Thus, comparing to the conventional AOS, such q-DOS is with the following advantages: i) Large tolerance to the light source wavelength fluctuation, ii) Large tolerance to the temperature variation, iii) large tolerance to the fabrication imperfection induced wavelength misalignment, and iv) High immunity to the electrical signal disturbance.
There are different structures for realizing such q-DOS, including multi-stage MZI structure , microring coupled multi-stage MZI structure , and coupled ring-resonator optical waveguides (CROWs) [12,13]. However, it always requires dynamic adjustment to make up the wavelength misalignment by using tunable technique considering the fabrication variation. Thus, it could be difficult to use multi-stage structure since every stage needs to be tuned simultaneously. Previously, we have demonstrated two kinds of microring coupled MZI structure-based interleavers with flat-top broadband passband [14, 15]. We also observed that the thermo-optical tuning on the 3-dB directional coupler improves the device significantly [16, 17].
In this work, by integrating the thermo-optical (TO) function to the microring resonator, we demonstrate TO q-DOS. The transmission spectra show broadband flat-top response with 1-dB and 3-dB bandwidths of ~1.3 nm and 1.6 nm, respectively. The measured switching power is ~37 mW and switching time is ~7 μs with up to 30 dB on/off ratio. Furthermore, for performance comparison, we also integrate lateral PIN diode with the microring resonator to demonstrate a carrier-injection based electro-optical (EO) q-DOS with low power consumption and fast switching speed. However, such EO q-DOS is with increased optical loss and decreased on/off ratio.

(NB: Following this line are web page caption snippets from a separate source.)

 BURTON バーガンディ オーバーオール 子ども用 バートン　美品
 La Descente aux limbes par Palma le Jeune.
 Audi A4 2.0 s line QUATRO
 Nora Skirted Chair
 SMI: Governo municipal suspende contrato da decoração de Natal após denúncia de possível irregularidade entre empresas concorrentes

2. Device fabrication and characterization
In this work, we design and implement the q-DOS in silicon-on-insulator (SOI) platform by using CMOS-compatible fabrication process. The SOI wafer is with a 220 nm silicon layer on a 2 μm buried oxide (BOX) layer. The device is patterned by 248 nm DUV photolithography and a two-step silicon reactive ion etching (RIE) to form a rib waveguide for ion implantation and a channel waveguide for the nano-taper. The slab for the ion implantation is ~60 nm thick. The lateral PIN diode of the microring is formed by ion implantation in the slab layer. The implants are activated using rapid thermal anneal of 1050 °C for 5 seconds. A 1 μm-thick oxide layer is deposited, followed by the formation of TiN thermal heater. Subsequently, another 500 nm insulating oxide is deposited, and separate contact holes to the Si implantation regions and the thermal heater are opened. This is followed with Al metallization. Finally, ~100 μm Si deep trench is etched in order for the light butt-coupling between the lensed optical fiber and the inverse taper waveguide.

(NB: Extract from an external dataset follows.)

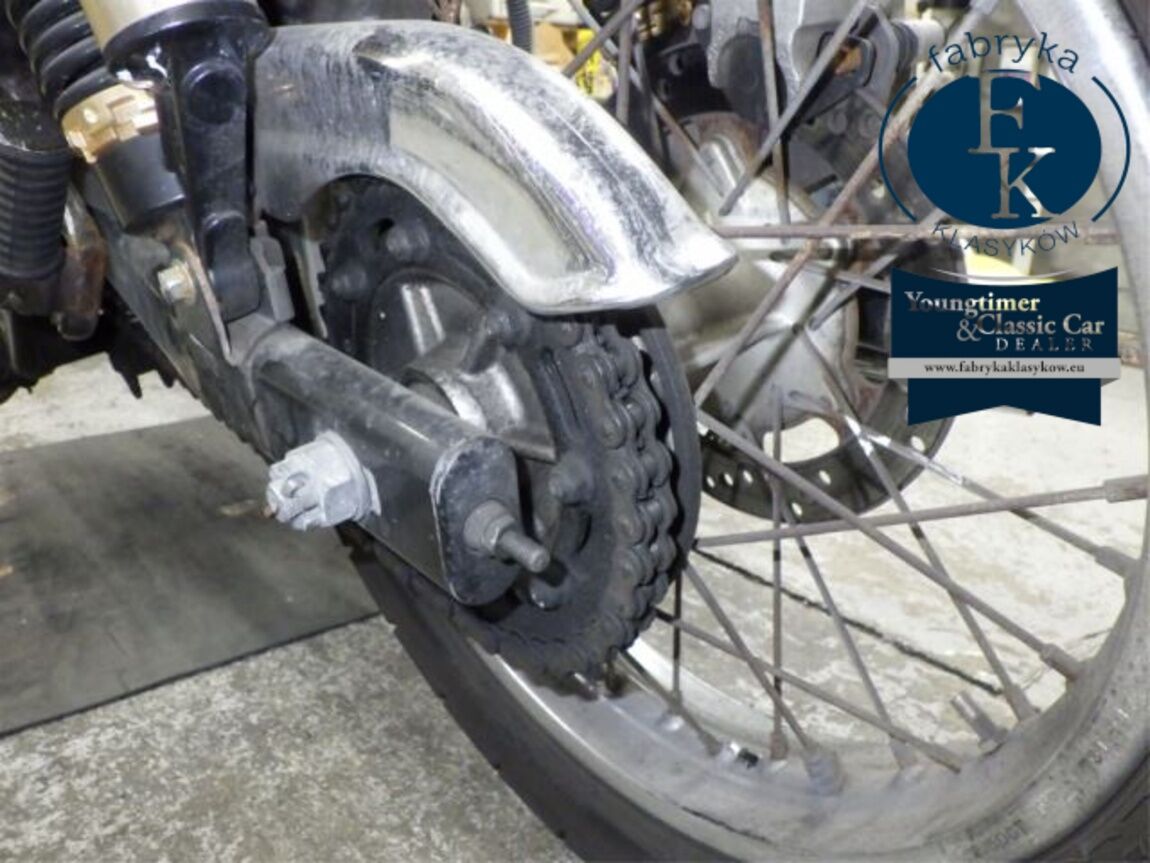 KAWASAKI ESTRELLA250 RS  - zdjęcie 25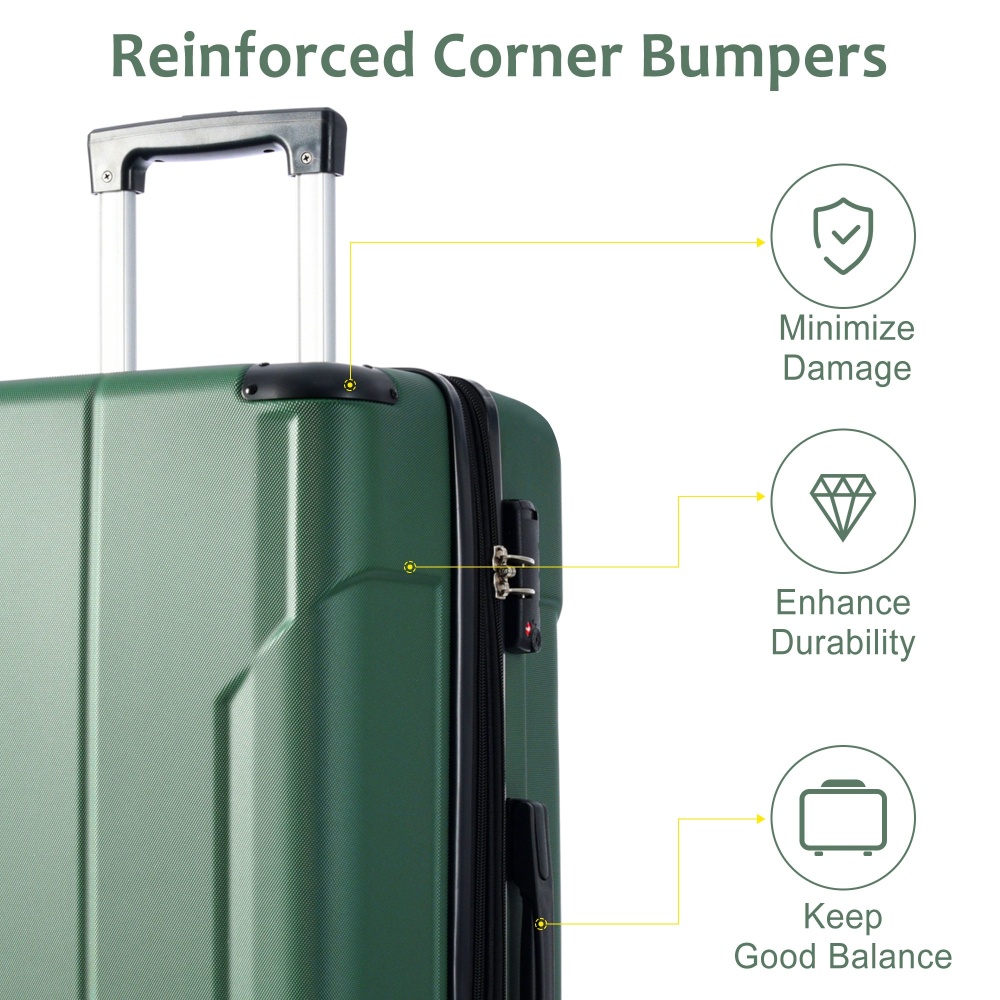 Juego de Maletas Rígidas Expan - Expandable Hard Shell Luggage Set reseña y precio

Figures 2(a)-2(b) show the design of waveguide structures of the TO and EO q-DOS using microring resonator-coupled MZI structure, while Figs. 2(c)-2(d) show the optical microscope images of the fabricated devices. For both TO and EO q-DOS, the two arms of the MZI are designed identically in length, suggesting a symmetric MZI. The passband tunability is achieved by changing the refractive index of the microring resonator, respectively via the temperature change induced from the thermal heater and the carrier injection of the lateral P-i-N junction. We also integrate thermal heaters to both 3-dB direction couplers in the MZI in order to achieve high-performance 3-dB direction coupling. Furthermore, we adopt 500 nm waveguide for the TO switch in order for low insertion loss, while designing 400 nm waveguide for the EO switch as the EO performance directly relates to the waveguide width. The rest of the design parameters, including the coupling length, microring circumference, etc, are subsequently determined. In such microring switches, the directional coupler parameters are critical. We design all gaps of the directional couplers to be 300 nm. For the gap between the waveguide and the microring, we target the coupling coefficients of 0.414, corresponding to the coupling length of 60 μm and 12 μm, respectively for TO and EO devices. The lengths of 3-dB directional coupler are 40 μm and 7.4 μm. The bend radius in the microring resonators are designed to be 10 μm.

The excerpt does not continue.